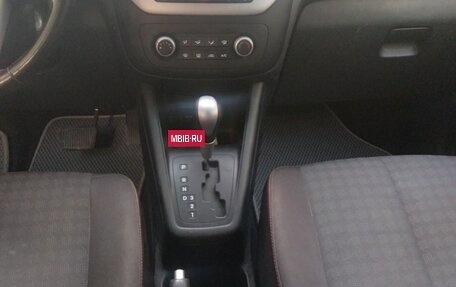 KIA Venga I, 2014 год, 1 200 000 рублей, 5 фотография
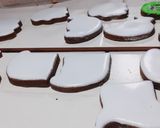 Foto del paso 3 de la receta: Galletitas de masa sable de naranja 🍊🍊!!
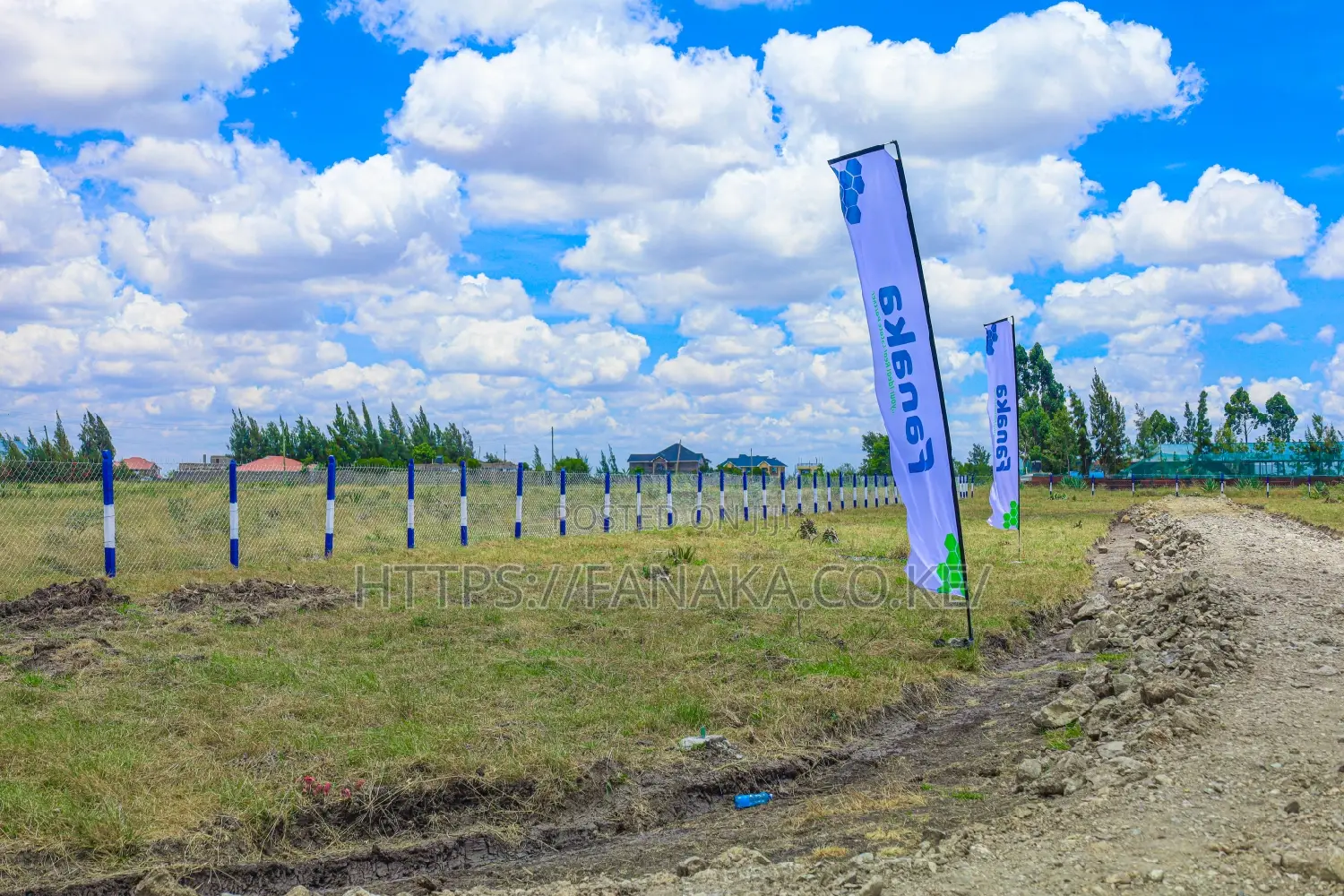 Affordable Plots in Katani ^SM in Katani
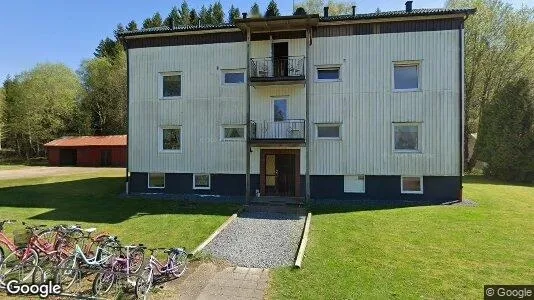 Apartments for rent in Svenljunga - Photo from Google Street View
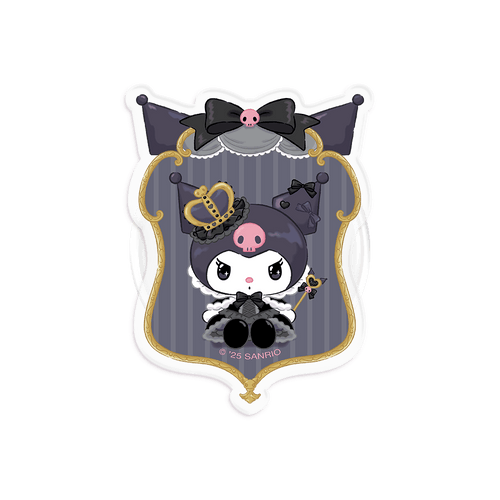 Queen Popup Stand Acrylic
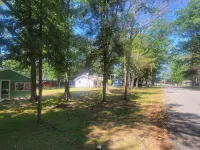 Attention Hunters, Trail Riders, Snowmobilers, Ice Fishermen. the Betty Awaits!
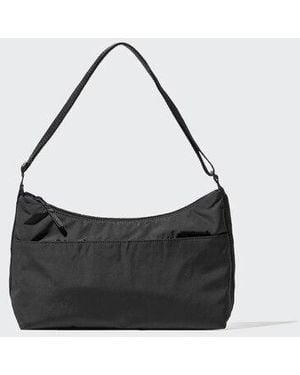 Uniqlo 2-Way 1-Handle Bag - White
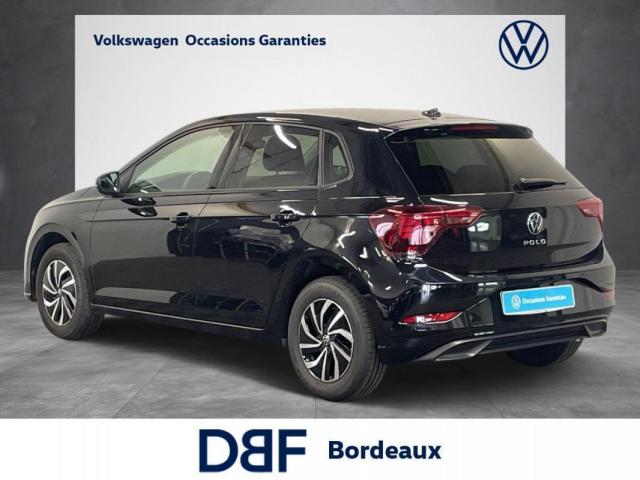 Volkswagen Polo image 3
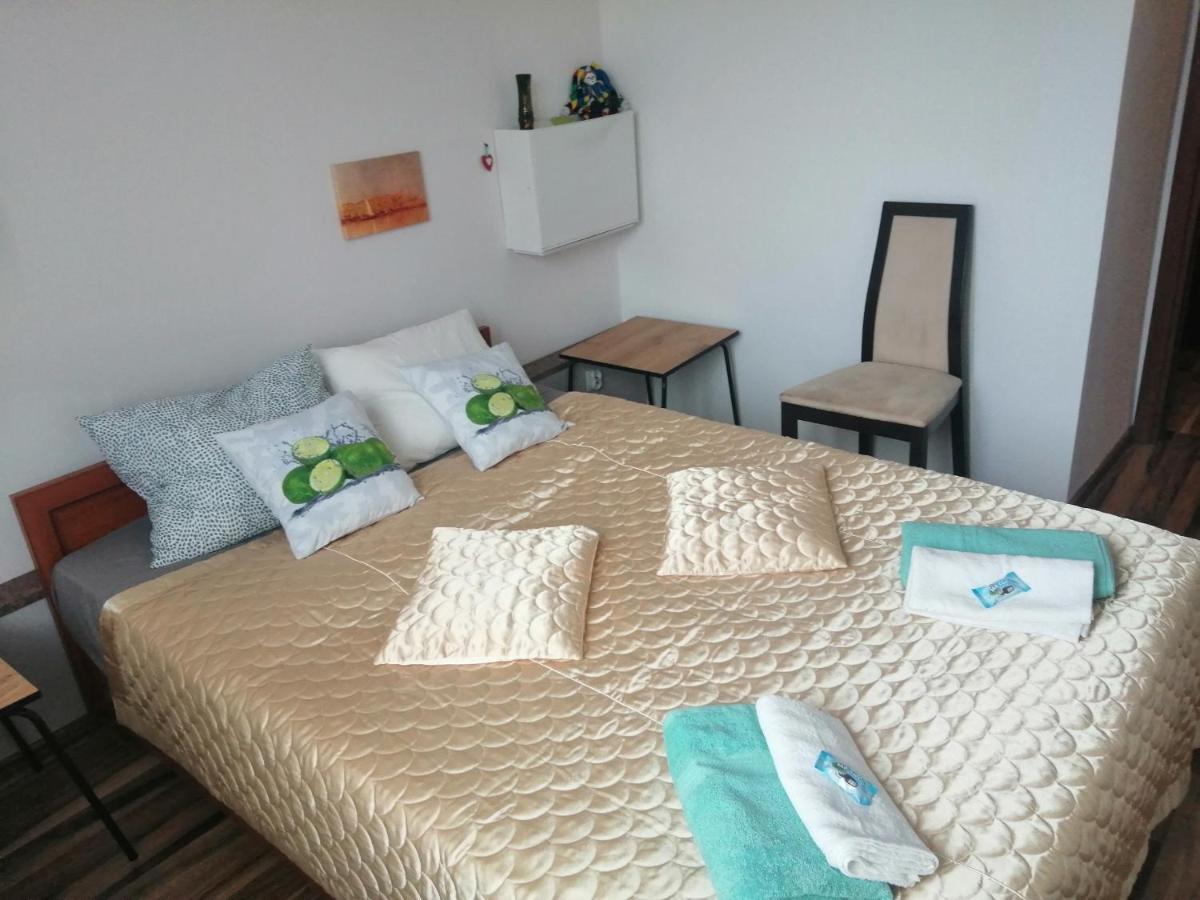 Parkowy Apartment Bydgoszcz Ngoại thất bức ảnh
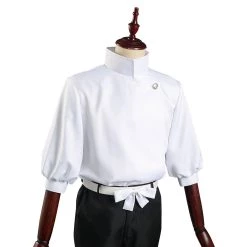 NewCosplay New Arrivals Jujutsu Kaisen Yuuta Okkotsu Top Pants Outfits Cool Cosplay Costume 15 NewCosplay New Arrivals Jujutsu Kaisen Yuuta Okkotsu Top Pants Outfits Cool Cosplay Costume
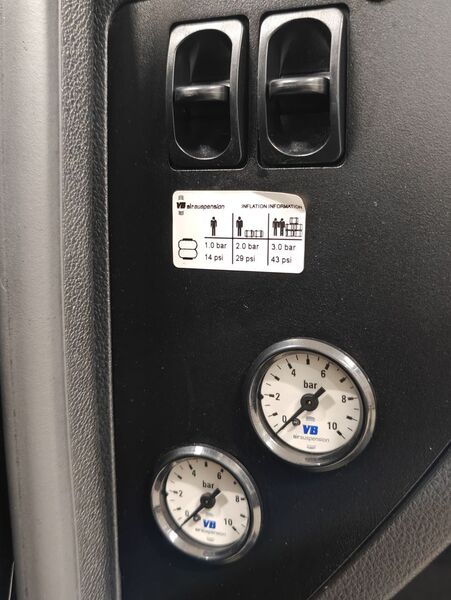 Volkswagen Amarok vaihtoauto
-=-=-=-=-
## Task objective
Please reproduce exactly and only the lines from the first line of the records through the line containing "Volkswagen Polo image 3", both included, omitting any pictures.

## Exercise solution
 KIA Venga I, 2014 год, 1 200 000 рублей, 5 фотография
 Foto del paso 3 de la receta: Galletitas de masa sable de naranja 🍊🍊!!
 Affordable Plots in Katani ^SM in Katani
 Apartments for rent in Svenljunga - Photo from Google Street View
 Queen Popup Stand Acrylic
 Attention Hunters, Trail Riders, Snowmobilers, Ice Fishermen. the Betty Awaits!
 Uniqlo 2-Way 1-Handle Bag - White
 Volkswagen Polo image 3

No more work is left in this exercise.